## Records from a collection
:::

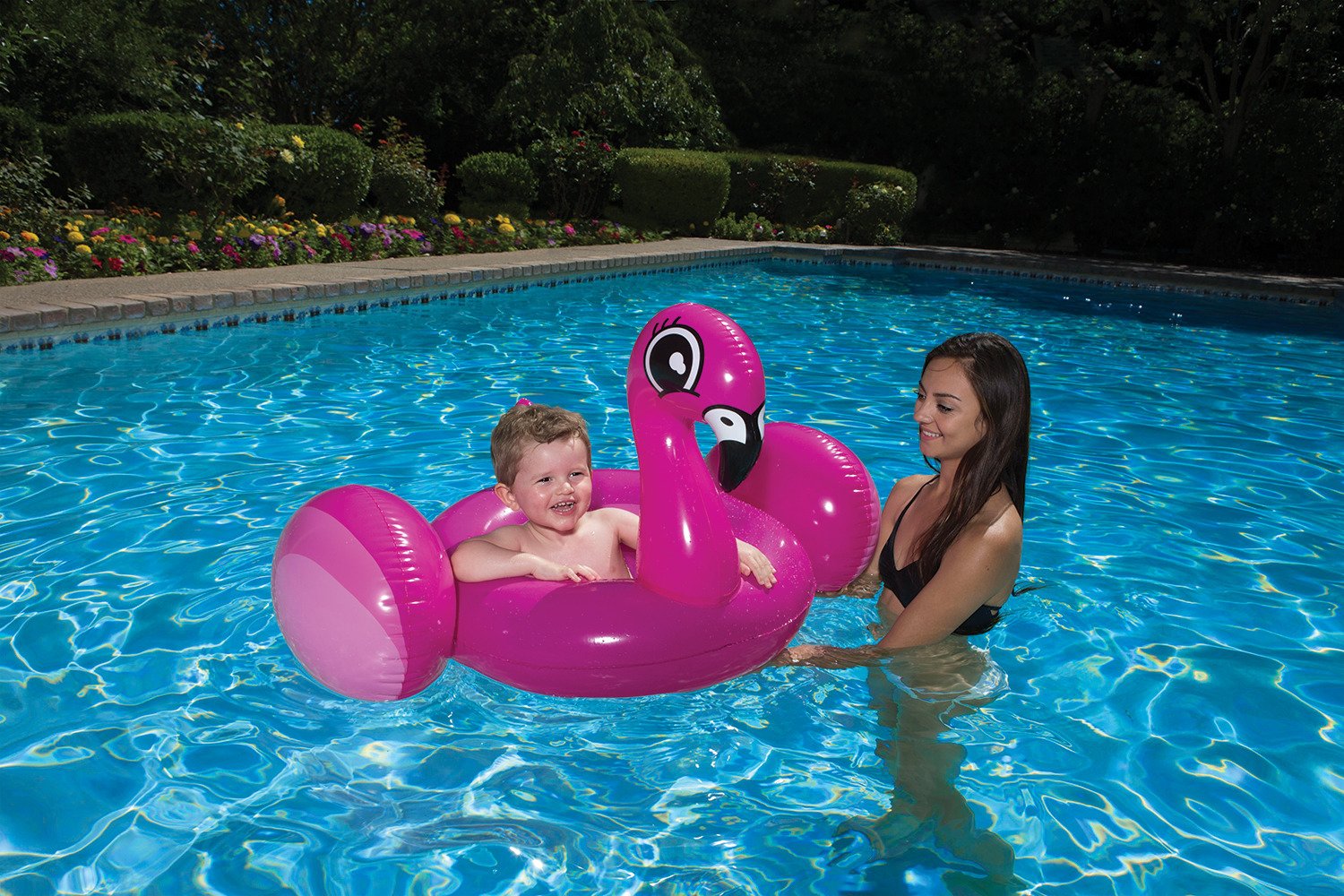 Poolmaster Flamingo Baby Pool Float                                                                                              - view number 3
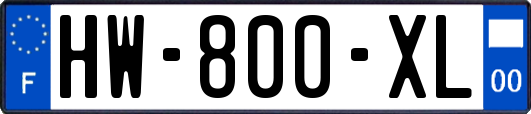 HW-800-XL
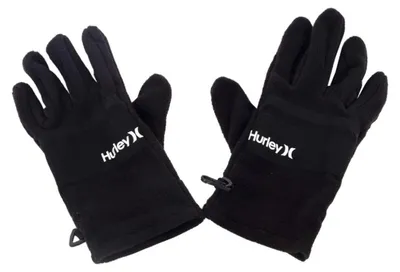 Obrázok produktu pre Pánske teplé zimné fleecové rukavice Hurley, veľkosť S/M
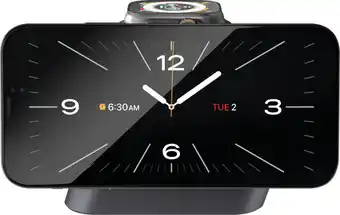 Coolblue ZENS MagSafe en Qi2 Draadloze Oplader 15W met Standaard en Watch Stand aanbieding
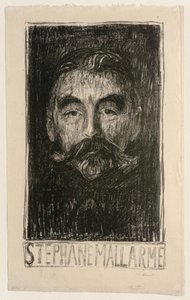 Stéphane Mallarmé de Edvard Munch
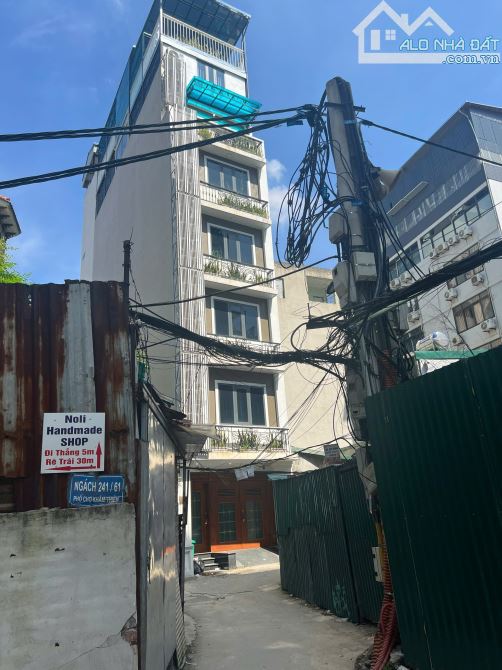 Tòa Apartment Đẹp Hồ Ba Mẫu 8 Tầng 32 Tỷ -Ô TÔ Tránh Đỗ - Cách Mặt Hồ 30M PCCC Chuẩn - 1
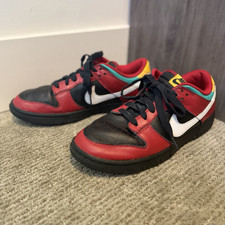 Nike Dunk Low Biker Tattoos (Size US 8)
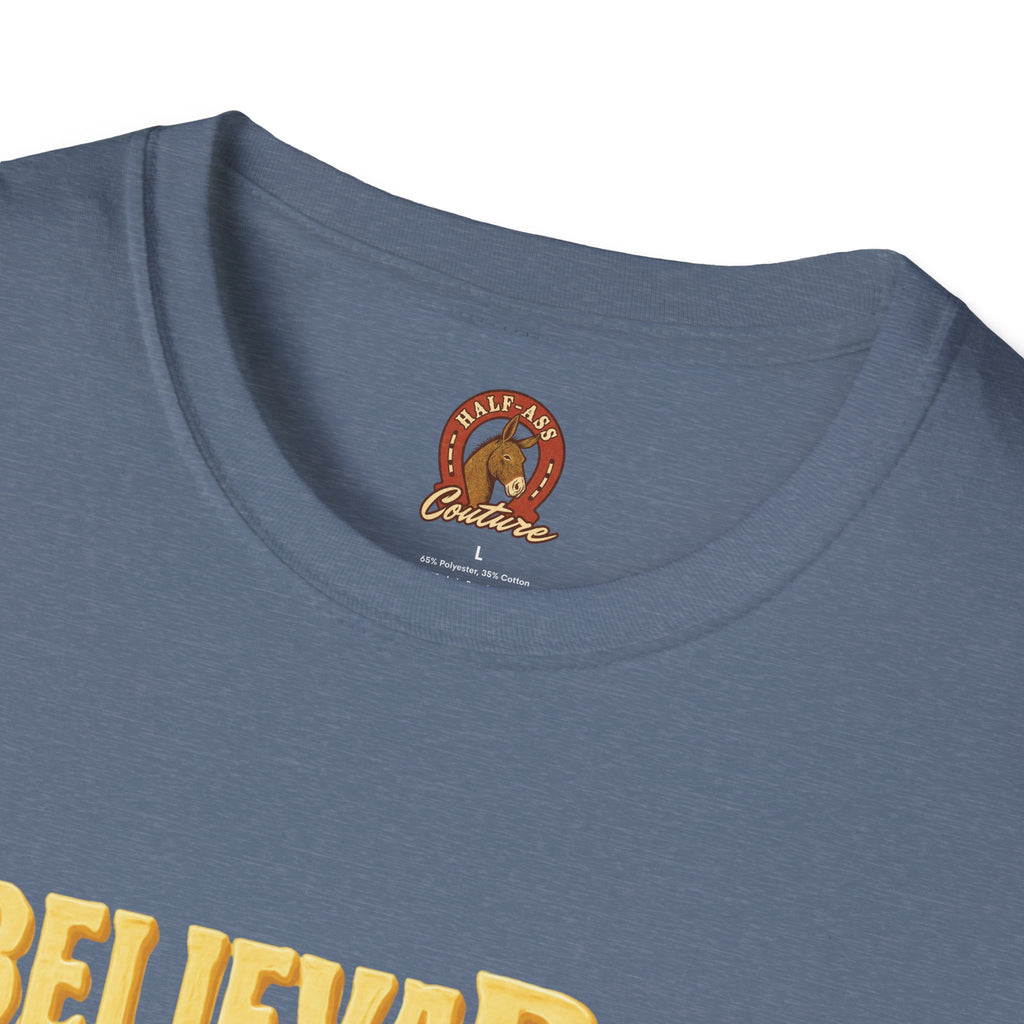 UnbelievaBurro Grand Champion Butter Burro Unisex T-Shirt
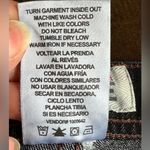 Faded Glory Dark Blue Jeans Stretch Flare Faded Leg SZ 16 Photo 9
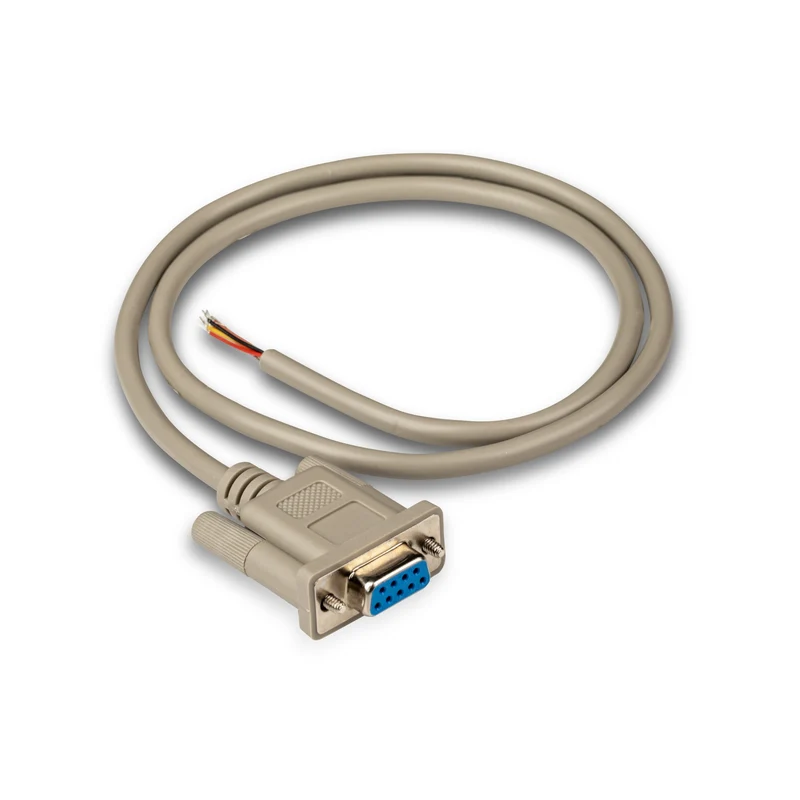 Hosa DBK-102B-BULK RS-232 DE9 Serial to Bare Wire Control Cable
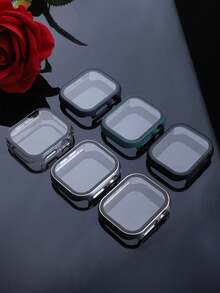 6PSC 兼容 40/41/42/44/45/46/49mm 表壳。运动休闲风，防震防刮，硬质 PC 表壳，自带钢化玻璃屏幕保护膜（二合一设计）。兼容 Ultra/11/10/9/8/7/6/5/4/SE 男女款智能手表。6 种颜色可选。 - 6色組合-1 - 查看 14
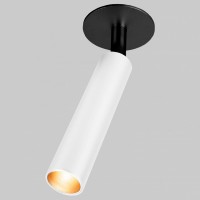 Спот Elektrostandard Diffe Diffe белый/черный 5W 4200K (25027/LED)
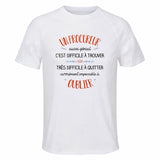 Maillot de Sport Homme pour Un Procureur Aussi Genial - T-Shirt Respirant Polyester Manches Courtes - Cadeau Sportif Anniversaire Noël Fête des Pères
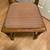 Antique solid oak chair made in Belgium 6 thumbnail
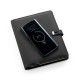 Pasta A5 Executiva com Carregador Wireless Personalizado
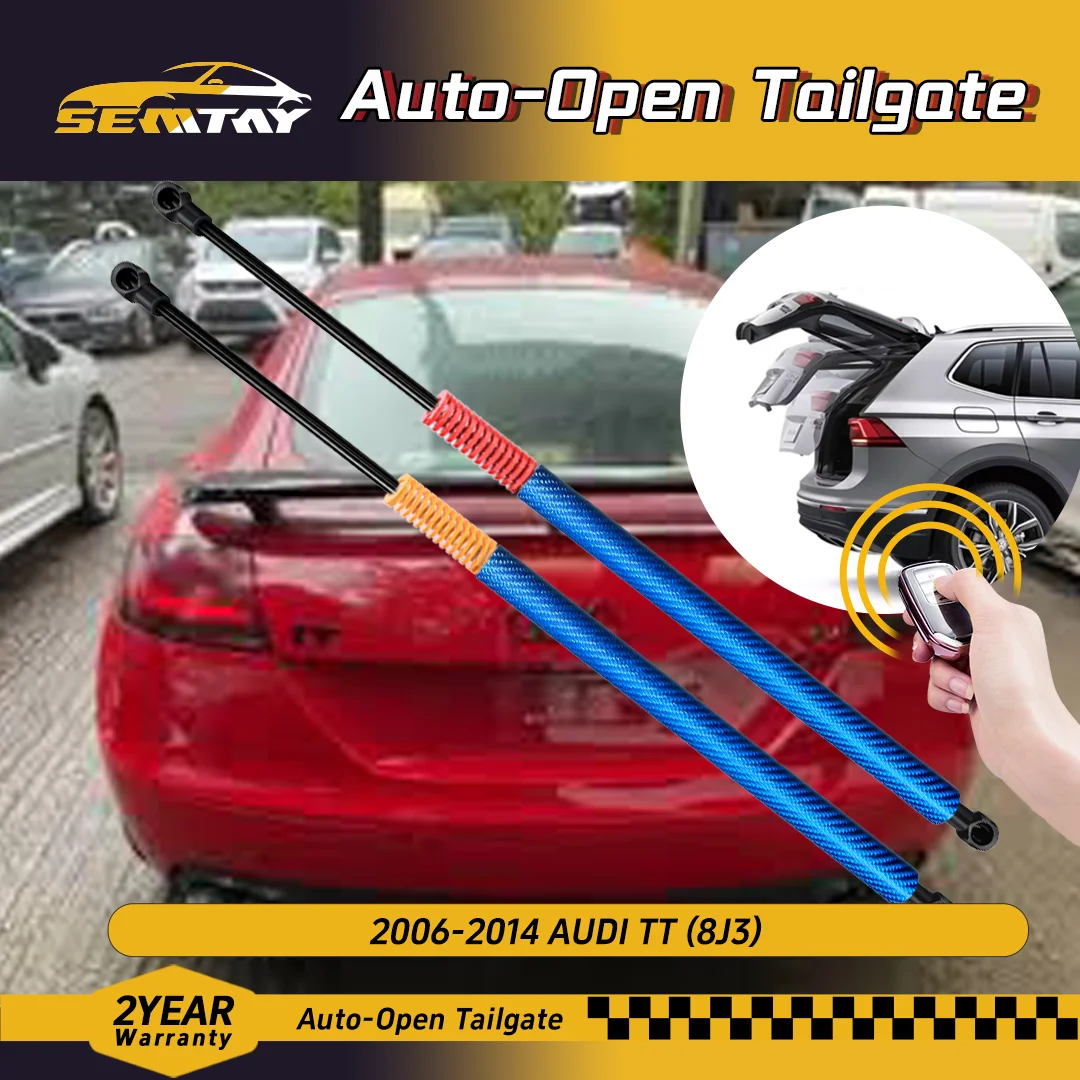 

SEMTAY автоматические подъемные стойки багажника с пружиной для AUDI TT (8J3) 2006-2014 задние опоры багажника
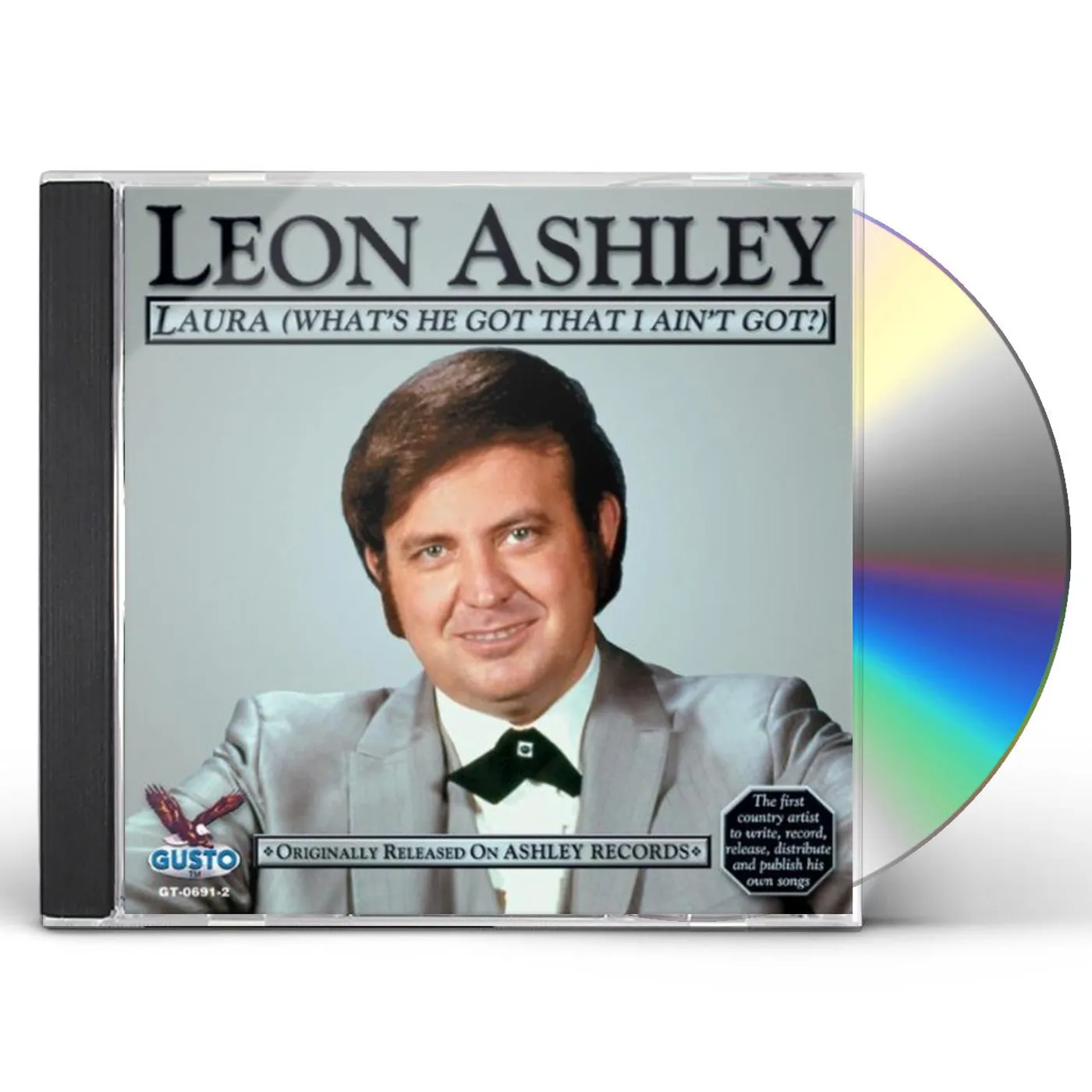Leon Ashley LAURA CD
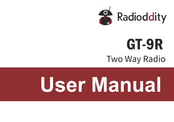 Radioddity GT-9R Manual De Usuario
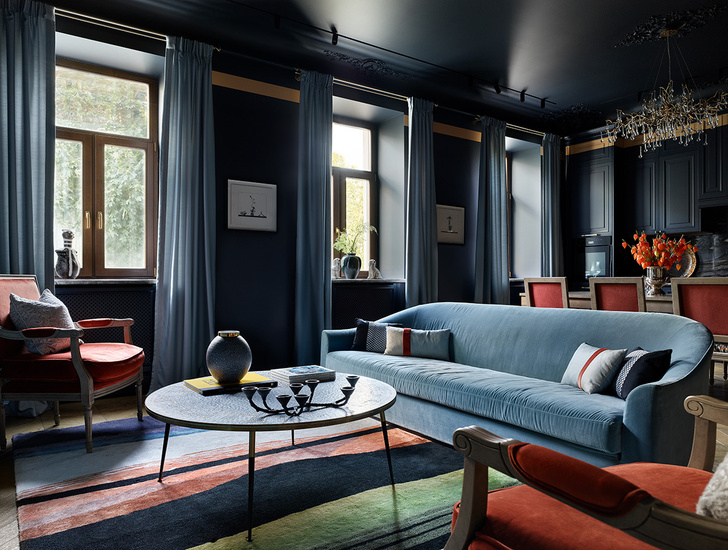 Коричневый цвет в интерьере – особенности дизайна комнат в коричневых тонах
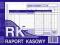RK Raport kasowy A5 411-3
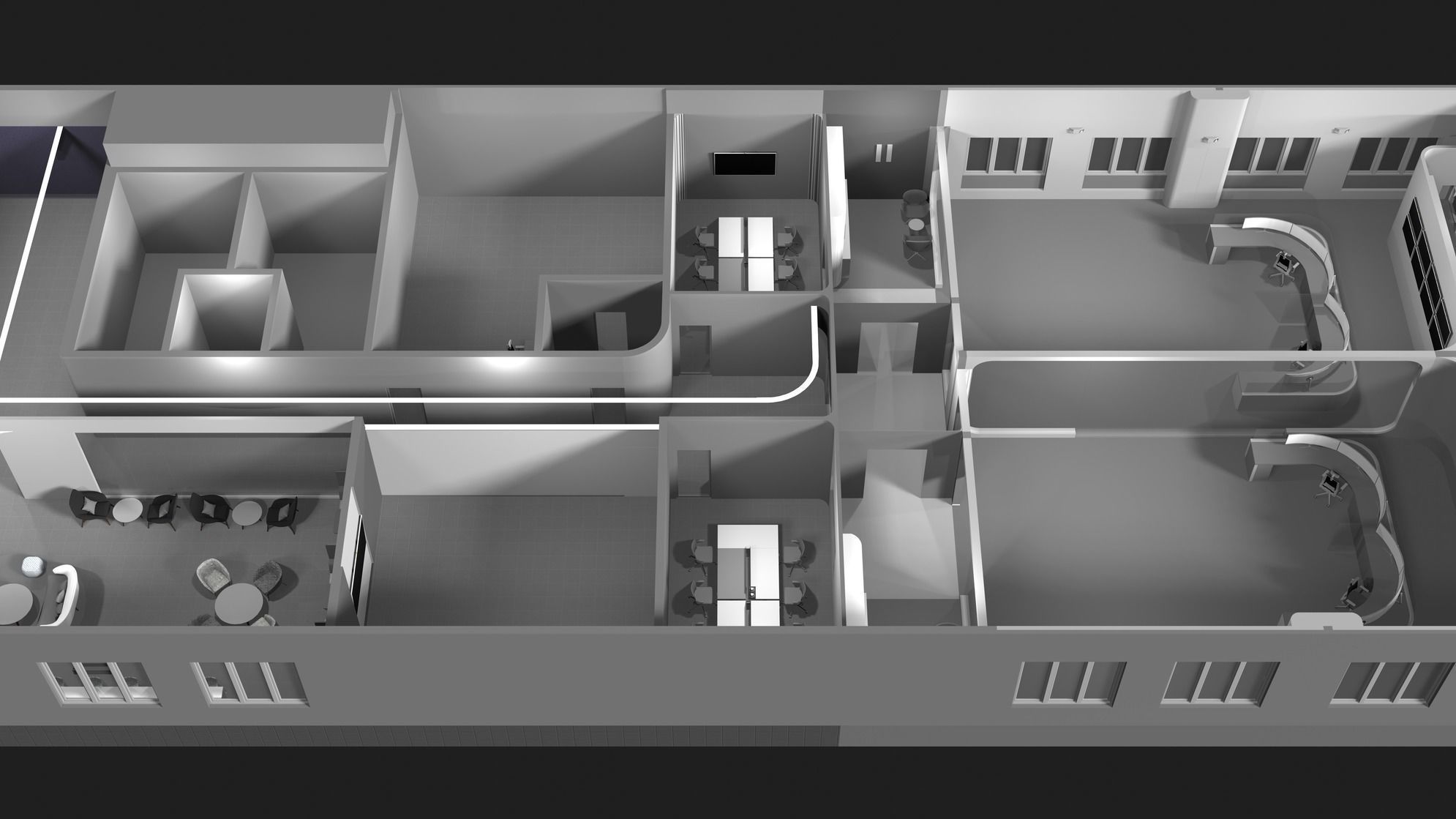 Showroom and office plan 24ZZ02 3D model_3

:::

## EXERCISE DESCRIPTION
All lines from the one containing "Radioddity GT-9R Manual De Usuario" through the end of the data are to be written out exactly, with nothing added; skip the pictures.

## EXERCISE ANSWER
 Radioddity GT-9R Manual De Usuario
 Коричневый цвет в интерьере – особенности дизайна комнат в коричневых тонах
RK Raport kasowy A5 411-3
 Showroom and office plan 24ZZ02 3D model_3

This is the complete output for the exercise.